I have a student who somehow managed to be in sixth grade while two years older than everyone else and completely hardened against any sort of behavior consequence. He does the most ridiculous things you can imagine, and nothing we do to him will even get him to blink. He’s tough and he’s angry, and he’s doing his best to convince everyone that there’s nothing we can do about it.
Today I was sitting with him at lunch, and noticed he wouldn’t stop fidgeting with a piece of paper. I helped him cut it into a square, and then started walking through origami steps. I was guiding him through making a paper crane, but I didn’t tell him what he was doing, and he was dutifully following without questioning the point. On the last step, he pulled down the outer flaps and realized that they were wings.

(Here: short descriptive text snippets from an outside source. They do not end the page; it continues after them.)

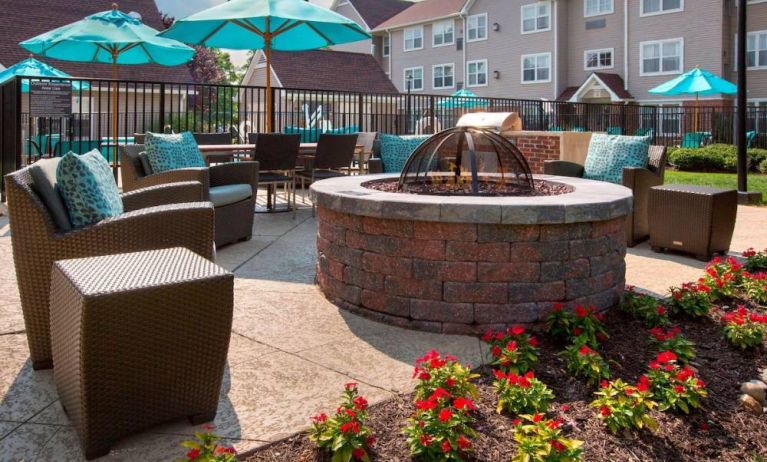 Sonesta ES Suites Allentown Bethlehem Airport’s fire pit has armchairs arranged around it, with the pool and a flowerbed nearby.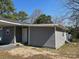 Gray house with a new door and windows, complemented by neutral landscaping at 811 Sanford St, Marshville, NC 28103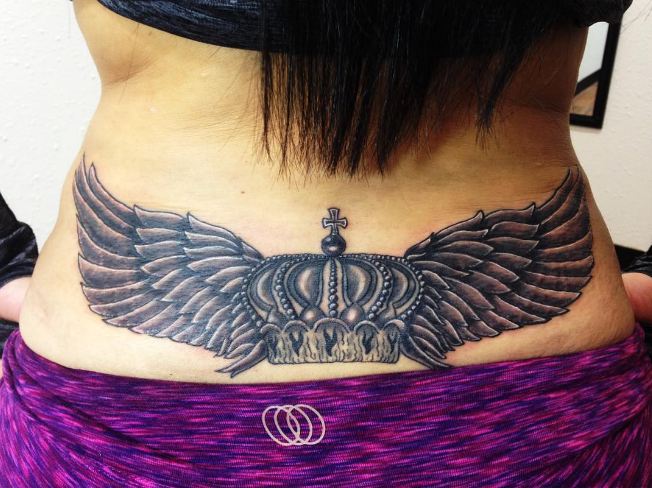 crown lower back tattoos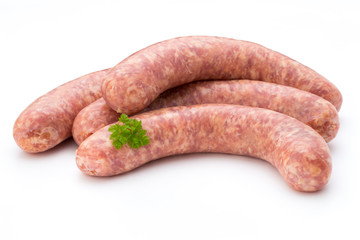 Raw sausage with parsley leaf isolated on white background.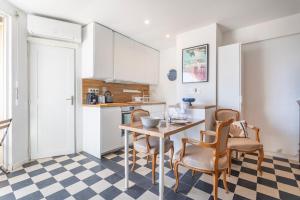 バンドールにあるStudio Damier - 3 étoiles - Welkeysのテーブルと椅子のあるキッチンとダイニングルーム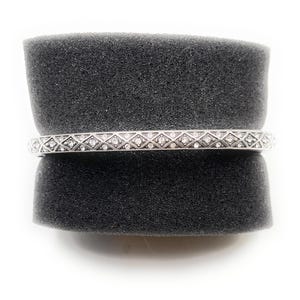 May include: A silver bangle bracelet with a repeating pattern of diamond-shaped designs, each containing a small, clear gemstone. The bracelet is displayed on a dark gray, textured surface against a white background.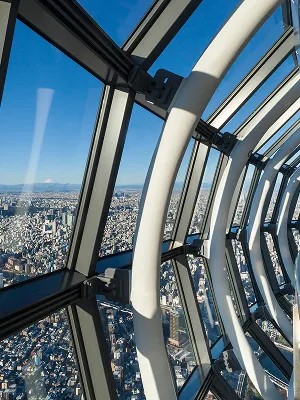 幾何学的なデザインの鉄骨構造が印象的な展望台の天井部分。高い吹き抜けの構造越しに、青空の一部がのぞいている。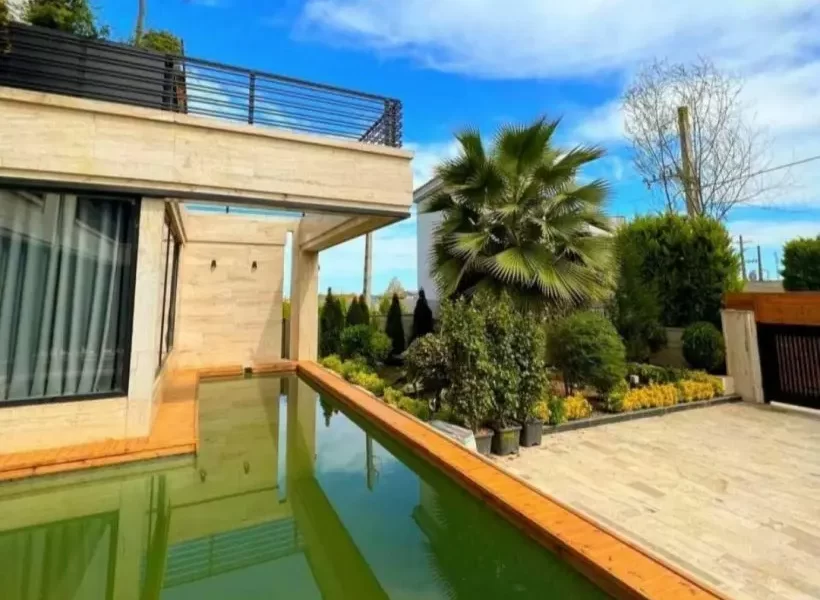 محوطه سنگ فرش شده و باغچه سرسبز و استخر محوطه ویلا در بابل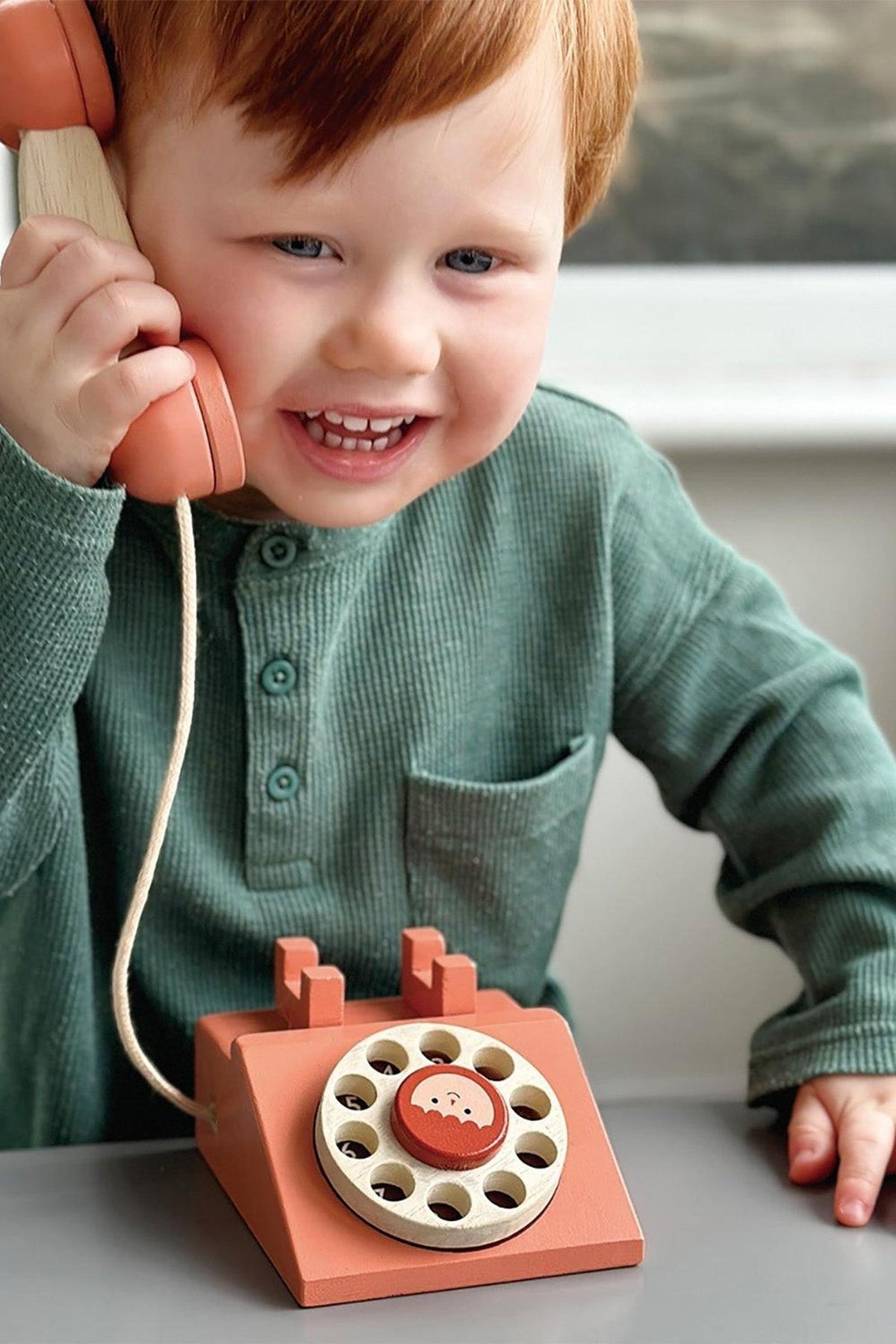 A child with red hair smiles while holding a wooden retro telephone in orange, wearing a green shirt.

You should have seen his eyes light up. This big tough kid held the crane to eye level in the palm of his hand and looked at in amazement. In this adorable little-kid voice, without a touch of sarcasm in his word choice, he gasped, “It’s a birdy!”
We made it a collar and attached it to his desk so that it would protect him without flying away during class.
I do not joke.

This got me. Sometimes it makes things easier in our minds if we say this person or that person just can’t be reached. It lets us, as individuals and as a society, off the hook. It’s our job (as those who imagine a different world) to hold hope that everyone can be reached.